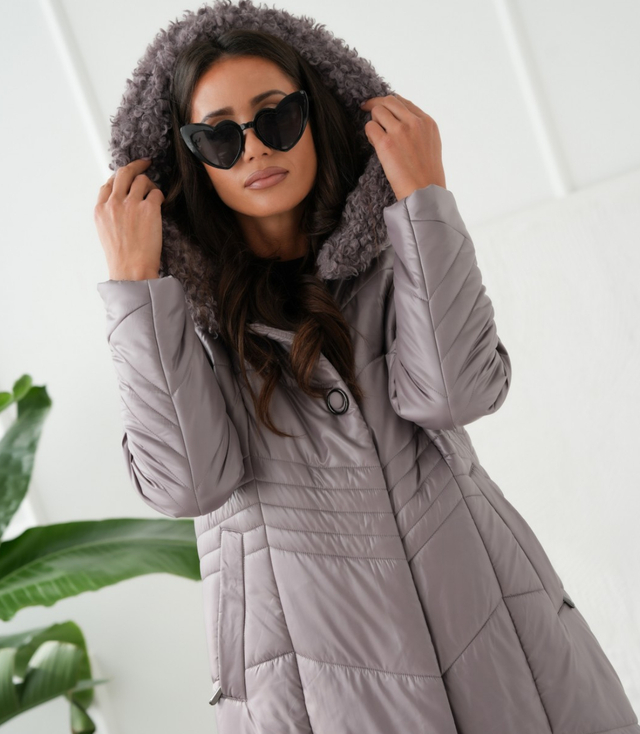 Long elegant quilted insulated women's winter coat MARIA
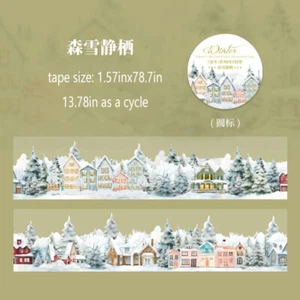 Winter Themed PET Tape Forest Village Stickers Journal Album Scrapbooking Crafts - Picture 1 of 16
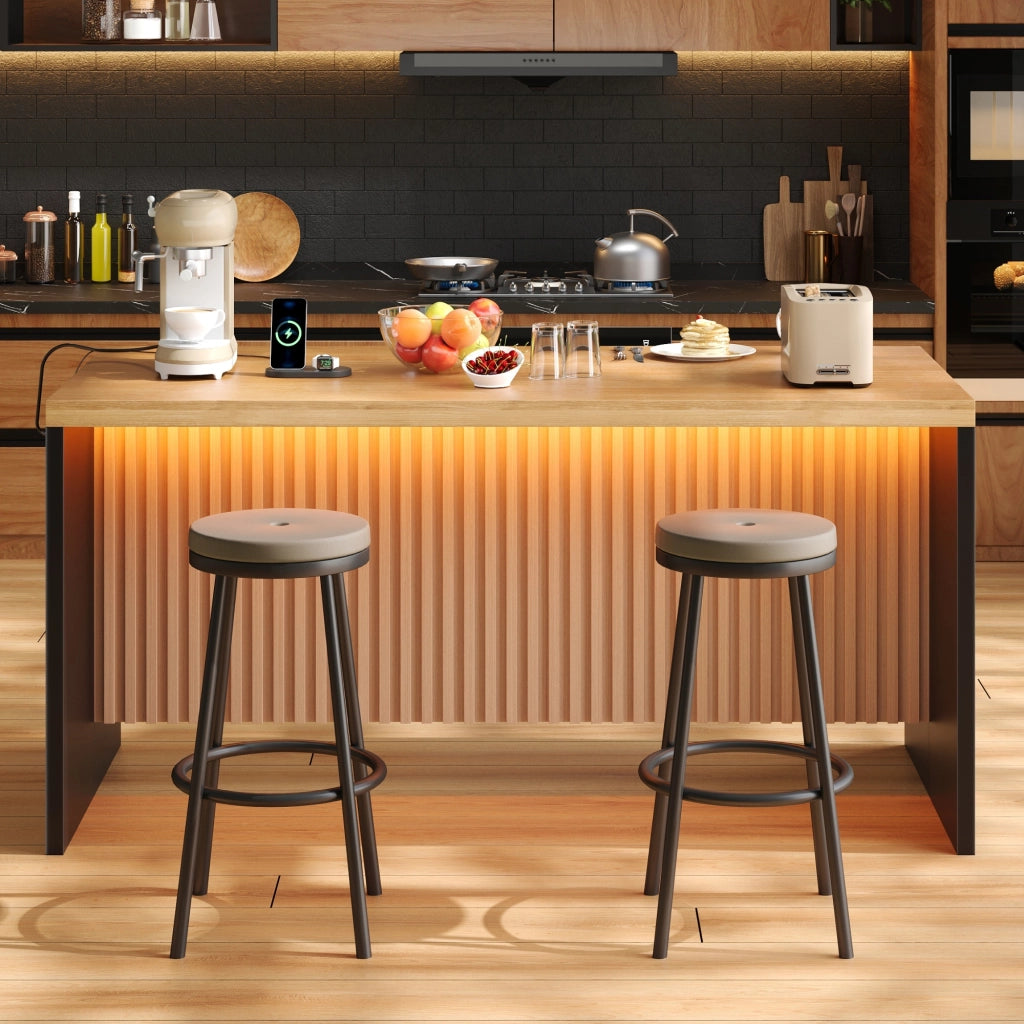 ISOLA CUCINA con illuminazione LED, prese e USB 155x80x90 cm MDF Nero/Naturale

::::::::

Write out the listing above exactly, images omitted.

 Long elegant quilted insulated women's winter coat MARIA
 Winter Themed PET Tape Forest Village Stickers Journal Album Scrapbooking Crafts - Picture 1 of 16
 ISOLA CUCINA con illuminazione LED, prese e USB 155x80x90 cm MDF Nero/Naturale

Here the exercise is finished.